Although I have had my Etsy shop closed since April due to my pregnancy, I have never ceased to work on my felted creations and my feltmaking business. It is not as if I threw up my hands and quit completely during this time because I do really consider fiber art and felting my business - not just a hobby. Now that I have resigned my college level design instructor position to be at home with my baby, I am more serious about pursuing my online and retail felt business than ever. I am truly looking forward to being a stay-at-home-mommy, but honestly, I have never ever been one to be satisfied without some type of creative career purpose, and I believe working from home is a good example to put forth in front of my child.
That being said, something has been on my mind lately........
As some of you may know (if you read my blog regularly) I've been creating felted wool beads and geodes with wild abandon - mainly because it is all that I can physically accomplish at this stage of my pregnancy. Behind the scenes, I've also been conducting a little market research. Basically this means that I've been trolling the internet to find what is current and trendy in feltmaking and also what prices are set at right now and what seems to be selling. Even though I am a strong believer in creating what you love and enjoy in your own style, I am not oblivious or ignorant to the fact that there are real consumers out there that you need to inevitably buy your handmade product if you are to succeed in business. Normally what I research is all handmade (usually unique, one-of-a-kind, and created on a small scale) because I feel that is where the market is for my items. It seems to only make sense to focus research on what is similar and artisan created. Something happened this week that opened my eyes to another side of the feltmaking market as well as disturbed me just a little.
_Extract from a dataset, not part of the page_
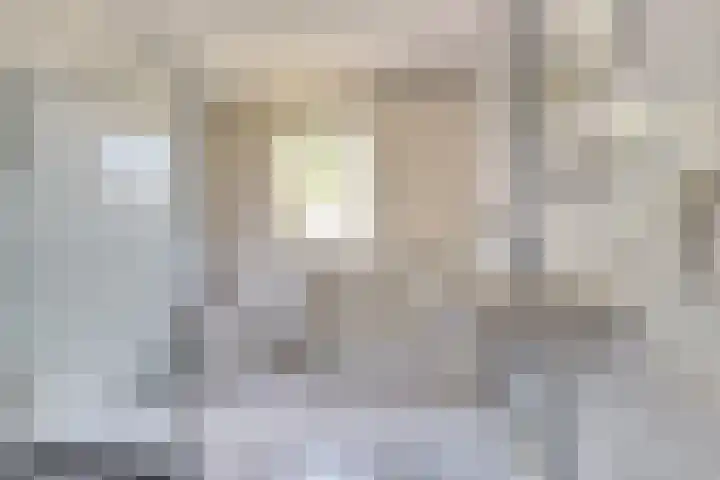 Heilige Stoel 5351 Wijchen thumbnail 17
Earlier this past week, I received a very nice email from a company overseas that manufactures "handmade" felt products on a mass scale. The company actually helps to employ and support women in their own country. The email didn't have anything to do with my felted creations really, but rather it was a short message to congratulate me on the upcoming birth of my child. I'm assuming that they have seen my blog posts about the pregnancy. The email was quite personal and very nice so I have no complaints about the email itself, but it did make me think outside the box on marketing and business practices in general. Apparently, if I am doing market research, so are others, and not just other handmade artisans like myself, but everyone - small and large!
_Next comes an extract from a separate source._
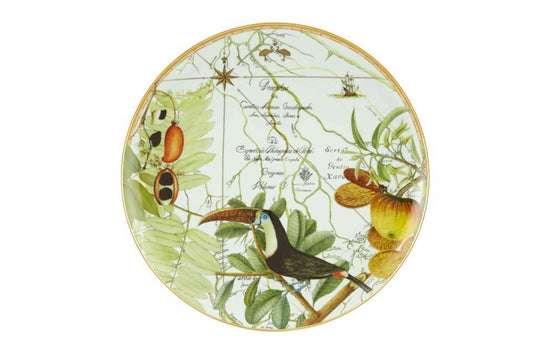 Plate Xl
It never bothered me to think that other loner feltmakers like myself were seeing my creations and doing research of their own. Part of being any kind of artist means that you have a need for inspiration and encouragement from fellow artists. I love checking out fellow fiber artists' blogs and shops just to satisfy my need for eye candy. On the other hand, it is part of the business of being an artist as well. With the email that I received last week, I realized that not only are my fellow independent artisans seeing my creations and checking up on my work, but larger corporate manufacturers are as well. This is somewhat unsettling to me considering that an overseas manufacturer can mass produce and undersell the average independent artist very, very easily in today's market. Although I am all for free enterprise, this is disturbing to me as the little guy in business. Mass production of "handmade" items makes it that much harder for an independent artist to sell his or her items and pay themselves a living wage according to the standards of the United States, where I live, and many other countries as well.
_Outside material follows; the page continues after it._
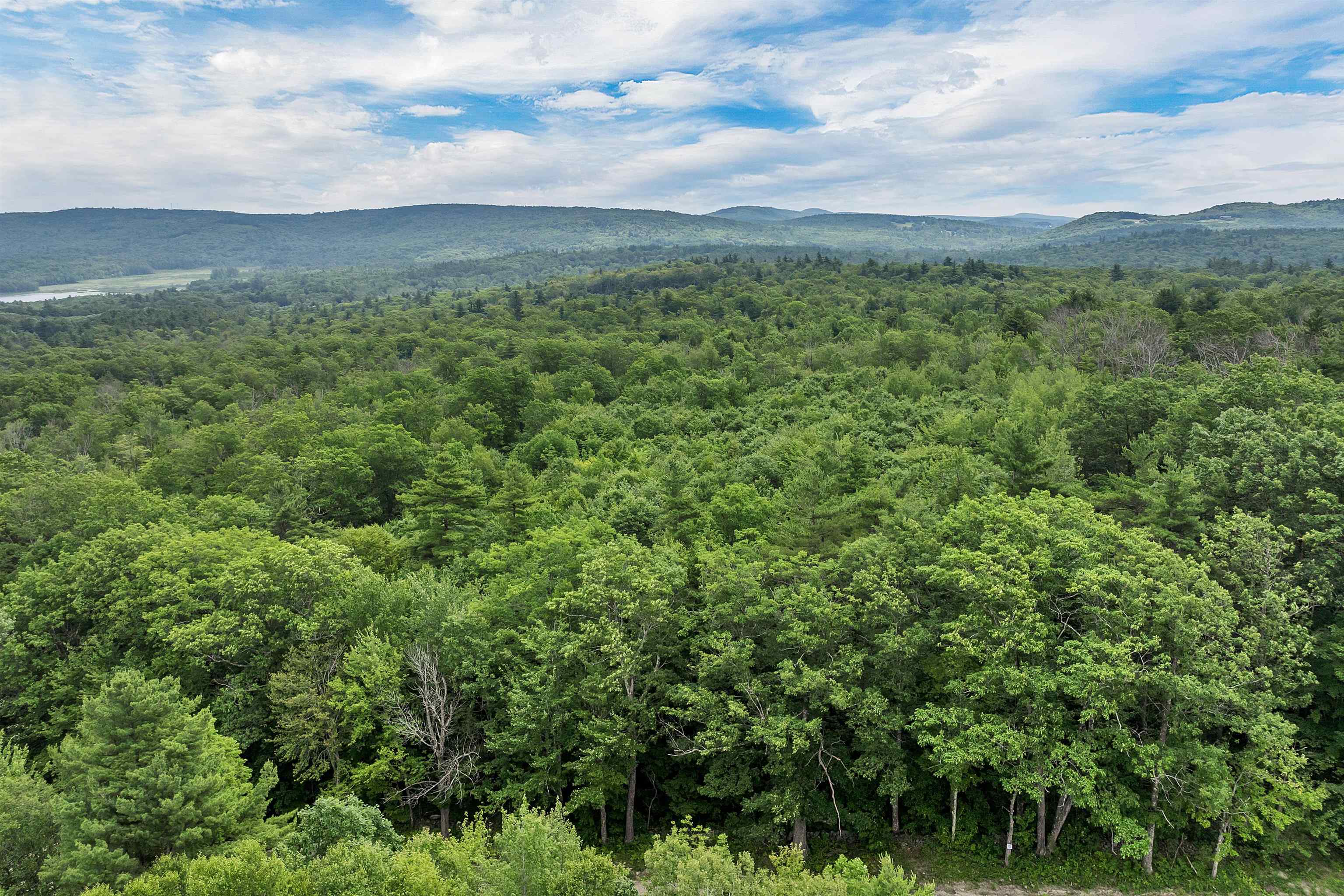 MLS #5049925 image #54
As you could probably guess, this past week, I did market research on felted wool beads and geodes, just to see what was out there already and how it was being priced, etc. This was quite fun because I very much enjoy looking at photos online of felted items - you don't have to twist my arm to do that! I found that most independent artisans who where selling their handmade felted wool beads in places like Etsy, Artfire, and other sites catering to handmade, had similar prices that seemed fair for the amount of time and effort involved in creating such items. Then, after the email last week jolted me into reality, I decided to search for mass produced "handmade" felted beads made by such overseas manufacturers and found that they were being sold at a small fraction of the price of independent artisans' individually handmade felted wool beads. The mass produced beads' pricing could really never be competed with by a loner artist like myselft trying to pay themself a living wage.
So what does all this really mean? Well honestly, I'm not completely sure. It is just something to consider when you are doing market research since the reality is that (depending on what you create), you are competing with everyone, small and large. I have decided, whatever the market dictates for pricing, I will price my items to pay myself a living wage whether they are uniquely one-of-a-kind felted wool scarves and accessories or whether they are more generalized, yet still unique, handmade supply items such as my latest creations of felted wool beads. I know that I can never realistically compete price-wise with mass produced "handmade" beads made by an overseas manufacturer (nor do I want to!), but I am hoping that my individually handmade felted wool beads can be seen for what they are - extremely unique, top quality pieces of art created by a skilled professional. I also hope that the consumer will respect and be drawn to the fact that I am a stay-at-home-mommy (to be) who wants to continue to care for my child full-time, but also be a productive career artist and contribute financially to my family. That is priceless really and worth pursuing whoever the competition may be!